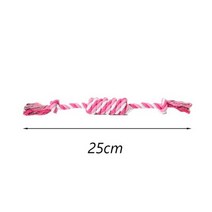 1pcs 물린 애완 동물 강아지 씹는 개 청소 치아 고양이 밧줄 매듭 공 mascotas 액세서리 재생, [01] 1pcs random color, Candy_1pcs random color | CHIN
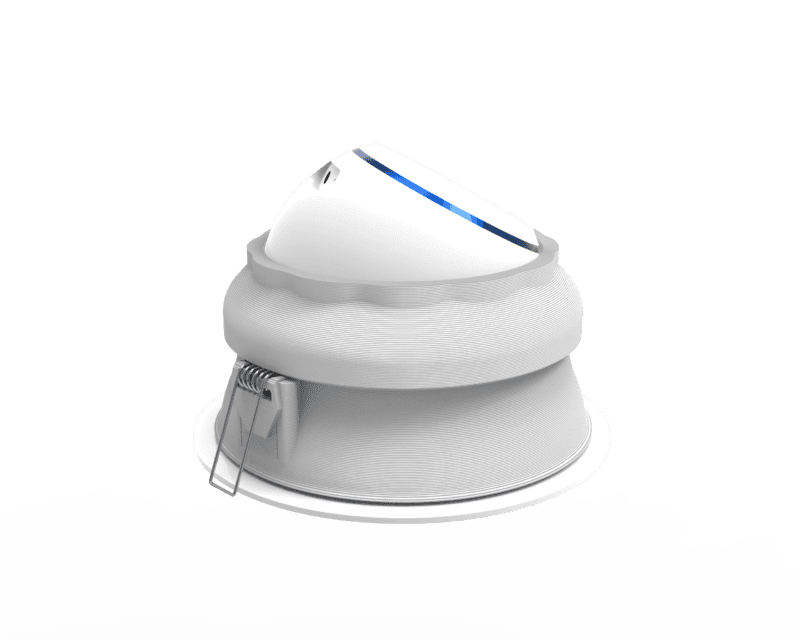 Suporte para embutir no teto, parede ou mesa Splin para Smart Home compatível com Echo dot 4 / 5 e Apple Homepod Mini - Imagem 13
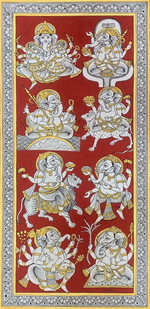 buy Ganesha, Phad painting by Kalyan Joshi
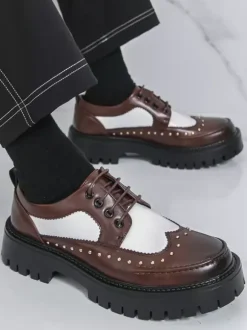 Men's Casual Shoes Round Toe Lace Up Shoes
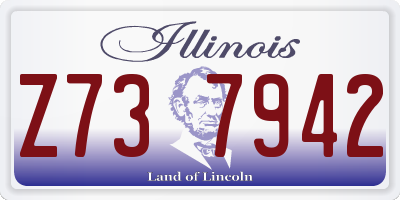 IL license plate Z737942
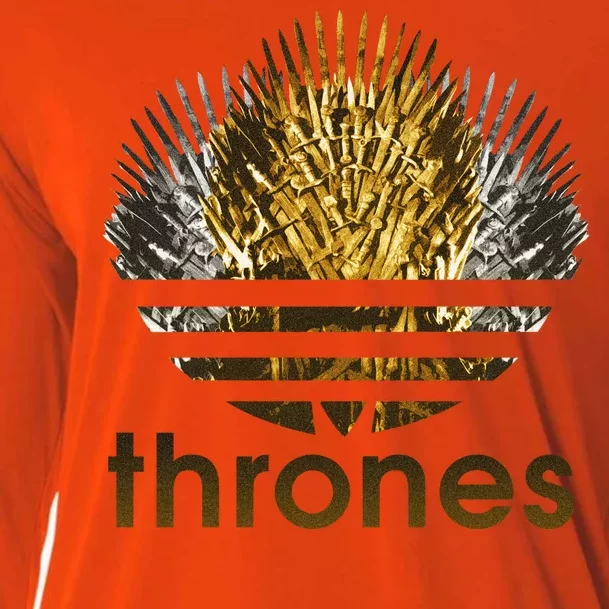 Thrones Logo Cooling Performance Long Sleeve Crew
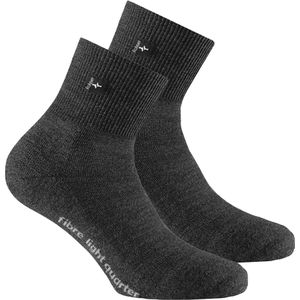 Rohner Socks Sportsokken  antraciet / wit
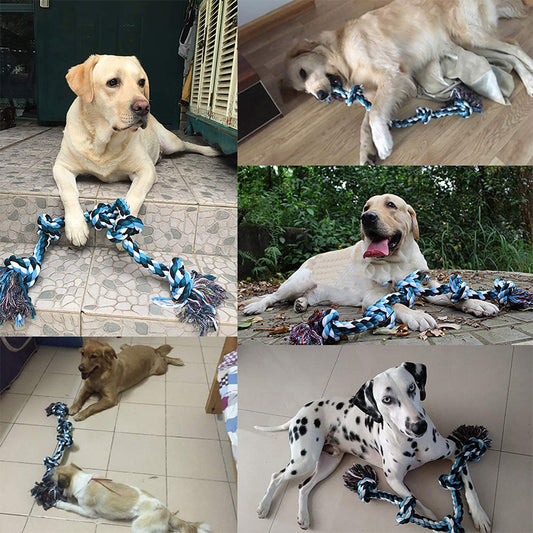 KFX-4271421 Large Cotton Rope Dog Toy for Training and Chewing - Ideal for Big Dogs and Tibetan Mastiffs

###

__Directions__. Output the entries above verbatim, with no picture included.

__Expected answer__.
 1pcs 물린 애완 동물 강아지 씹는 개 청소 치아 고양이 밧줄 매듭 공 mascotas 액세서리 재생, [01] 1pcs random color, Candy_1pcs random color | CHIN
 Suporte para embutir no teto, parede ou mesa Splin para Smart Home compatível com Echo dot 4 / 5 e Apple Homepod Mini - Imagem 13
 buy Ganesha, Phad painting by Kalyan Joshi
 Men's Casual Shoes Round Toe Lace Up Shoes
 IL license plate Z737942
 Thrones Logo Cooling Performance Long Sleeve Crew
 Rohner Socks Sportsokken  antraciet / wit
 KFX-4271421 Large Cotton Rope Dog Toy for Training and Chewing - Ideal for Big Dogs and Tibetan Mastiffs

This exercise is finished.